Tell me you favourite lolly-stick joke.

Please :)

Or your least favourite. Or merely one you remember but don't have any real opinion on.

To clarify: ideally I'd like actual, genuine lolly-stick jokes. Not some sort of post-modern, ironic take on the concept. And absolutely definitely not ones that sound a bit like lolly-stick jokes but are, in fact, funny.

(I take it there's on one here young enough to be saying "a what joke"? Although I guess there may be someone who was insufficiently based in the UK at the time.

When I was a kid, an ice lolly bought from the ice-cream van would have a joke printed on the stick. Usually it would be a question-and-answer style of joke, and the question would be on the visible, sticky-out end. Once you'd eaten the lolly, the answer would be revealed.

The jokes were always printed in pale, brownish ink, and looked like they'd been imprinted onto the stick with a John Bull printing outfit. The jokes were, univerally, terrible.

A few weeks ago, I bought the right sort of lolly from the ice-cream van in Kirtlington (stuff your expensive ices, cheap lemonade or cider lollies are where it's at) and was disappointed to find no joke. I'm not sure when jokes disappeared, but I think they were gone by the 90s.

As I finished my lemonade lolly, I said disugsutedly "my lolly-stick's got no joke". Pete observed that that sounded like the title of a song. We agreed that it would be a music-hall style number. I promised to write the song for him if he promised to sing it, which he did.

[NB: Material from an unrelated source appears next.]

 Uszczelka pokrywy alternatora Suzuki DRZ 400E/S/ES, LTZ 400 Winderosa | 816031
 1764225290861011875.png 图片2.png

I have some ideas, but am being a little thwarted by my inability to remember many example jokes. Which is where you, my dears, come in...
)

Date: 2012-06-20 10:14 am (UTC)
From: [identity profile] bopeepsheep.livejournal.com
They're coming back. And they definitely have been around in the last 5 years because [livejournal.com profile] smallclanger knows of their existence and has told me some. He is not an ice baby.

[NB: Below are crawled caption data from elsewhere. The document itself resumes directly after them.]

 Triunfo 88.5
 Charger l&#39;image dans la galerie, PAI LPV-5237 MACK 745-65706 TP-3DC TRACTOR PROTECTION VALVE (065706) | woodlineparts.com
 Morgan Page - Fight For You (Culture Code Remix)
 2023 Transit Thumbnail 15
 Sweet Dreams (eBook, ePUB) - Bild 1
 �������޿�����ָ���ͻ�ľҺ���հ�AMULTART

What lies quivering at the bottom of the sea?
A nervous wreck.
Edited Date: 2012-06-20 10:14 am (UTC)

Date: 2012-06-20 10:49 am (UTC)
From: [identity profile] venta.livejournal.com
You may have your kudo today :)

I certainly haven't seen a joke on a stick since the 80s, but then I don't actually eat that many ice-lollies.

I remember commenting years ago that the likes of Magnum lollies should resume the tradition, but instead of a naff joke they should have an interesting pieces of trivia on them. You definitely wouldn't want a joke on a Magnum stick.

Date: 2012-06-20 10:40 am (UTC)
From: [identity profile] hirez.livejournal.com
Oh.

What were the lollies that had plastic, er, sticks with seekrit c0dez stamped into them?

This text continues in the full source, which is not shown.